_DATA:_
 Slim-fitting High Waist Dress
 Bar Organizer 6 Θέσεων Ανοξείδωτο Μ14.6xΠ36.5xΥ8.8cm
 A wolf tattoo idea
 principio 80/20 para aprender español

---

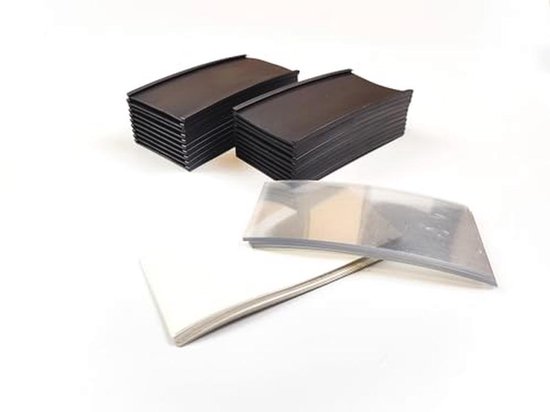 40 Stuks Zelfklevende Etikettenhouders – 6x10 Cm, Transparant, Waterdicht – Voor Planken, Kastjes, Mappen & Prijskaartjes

_TASK REQUIREMENTS:_
Referring to the material above, set down exactly the lines between the line with "Bar Organizer 6" and the line with "principio 80/20 para aprender español", inclusive, and no other lines.

_SOLUTION TO THE PROBLEM:_
 Bar Organizer 6 Θέσεων Ανοξείδωτο Μ14.6xΠ36.5xΥ8.8cm
 A wolf tattoo idea
 principio 80/20 para aprender español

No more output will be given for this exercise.